Q: What data guide the sequencing and/or combination of novel agents for CLL?

We have strong data to support the use of ibrutinib as first-line treatment in patients with CLL, followed by venetoclax in those who progress on ibrutinib. Very few data are available on the reverse sequence (ie, ibrutinib after venetoclax). 

Anderson et al retrospectively reviewed data from the first 67 consecutive patients with relapsed/refractory CLL treated with venetoclax, and 6 out of 8 patients with progressive disease on venetoclax were treated with ibrutinib. In the MURANO study of venetoclax plus rituximab in relapsed/refractory CLL, there was a subset of 8 patients in the venetoclax plus rituximab arm who received ibrutinib for progressive disease, but, again, these data are so limited that they are almost anecdotal. Most people would use ibrutinib followed by venetoclax, and, as previously noted, we do have robust data on that sequence. The 2018 trial by Jones et al was designed to evaluate the efficacy and safety of venetoclax in patients who were resistant to ibrutinib. There was a high rate of 17p deletion and/or mutated TP53 in this trial, which is indicative of prior treatment with chemotherapy/chemoimmunotherapy, and, so, this was a very high–risk group, many of whom had had multiple lines of prior therapy. Median progression-free survival was reasonably durable with venetoclax in this trial, given the incredibly resistant population. It was also interesting that some patients actually achieved minimal residual disease undetectability. This is very impressive given that this was venetoclax monotherapy rather than a combination. 

While we know that you can get good response with venetoclax after ibrutinib, we do not have much data about the reverse. The choice of sequence might also be influenced by the desire for a time-limited regimen (eg, in a patient who relapsed after fludarabine, cyclophosphamide, and rituximab [FCR]). However, if you are trying to decide treatment based on which regimen gives you the longest remission in the relapsed setting, we do not really have that data because the study populations were different (ie, RESONATE vs MURANO). At this point, it is uncertain where venetoclax/rituximab is going. If, at some point, we have a treatment that is shown to have a much longer response duration, I am not going to pay as much attention to sequencing. I am going to go with the agent that provides a longer duration. 

To date, there are limited data on the optimal sequencing of novel agents in either the frontline treatment of CLL or in relapsed/refractory patients. There are data on the use of venetoclax in patients who have received ibrutinib; however, prospectively, there are almost no data on the use of venetoclax prior to ibrutinib. There are quite compelling data showing that venetoclax, even as a monotherapy, has a high response rate, with a sizable minority of patients achieving undetectable minimal residual disease in a heavily pretreated patient population that has received ibrutinib. Our group has recently identified approximately 300 patients who have discontinued venetoclax and have gone on to receive ibrutinib at some point; this is a unique retrospective data set, and we have submitted the data to the American Society of Hematology, but the results are not yet published.
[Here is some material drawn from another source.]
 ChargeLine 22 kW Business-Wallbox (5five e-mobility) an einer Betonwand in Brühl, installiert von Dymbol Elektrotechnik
Double or triple venetoclax-based combinations with ibrutinib and/or obinutuzumab are being studied, but, in these clinical trials, something to watch out for are the proportions of patients who are able to receive full doses of each drug. If you have large numbers of patients having to reduce doses of 1 or both of the drugs in a combination, it opens up questions about whether it is better to be on a single agent at a full dose or on multiple agents at reduced doses. Efficacy data would have to be very compelling to offset my impression thus far that toxicity profiles may be difficult to manage. Moreover, there are not really any controlled data to support the use of these combinations as a standard of care.
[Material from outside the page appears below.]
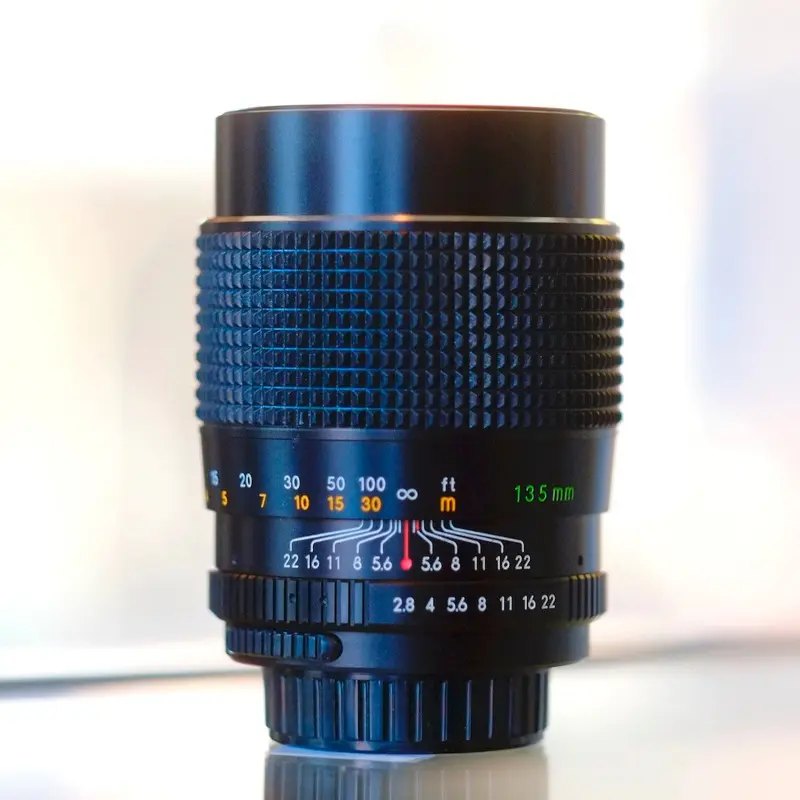 Auto Chinon 135mm f2.8 for M42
We still do not have convincing data sets with venetoclax first, as compared with ibrutinib first followed by venetoclax, for which we have prospective clinical trial data. The sequencing scenario of FCR followed by multiple rounds of venetoclax is something that I think will definitely happen at our institution, and this should ultimately help to answer several important questions. We have a large number of patients treated with FCR who will be relapsing, and they may choose time-limited therapy again, opting for something such as venetoclax plus rituximab. Similar questions arise for these patients and for those who received venetoclax plus obinutuzumab as frontline therapy and subsequently relapse: How long can they get venetoclax repeatedly before they go on to a Bruton tyrosine kinase inhibitor, and how does that impact their outcome? We do not have any idea yet, but those are possible scenarios.

With respect to the venetoclax-based combinations for relapsed/refractory disease, the regimen of venetoclax plus ibrutinib is active, although some of the adverse events such as neutropenia or gastrointestinal events may be magnified. In the trial of the triplet regimen of obinutuzumab, ibrutinib, and venetoclax reported by Rogers et al, the hematologic toxicity was impressive and there were many complete remissions with incomplete bone marrow recovery, indicating persistent myelosuppression.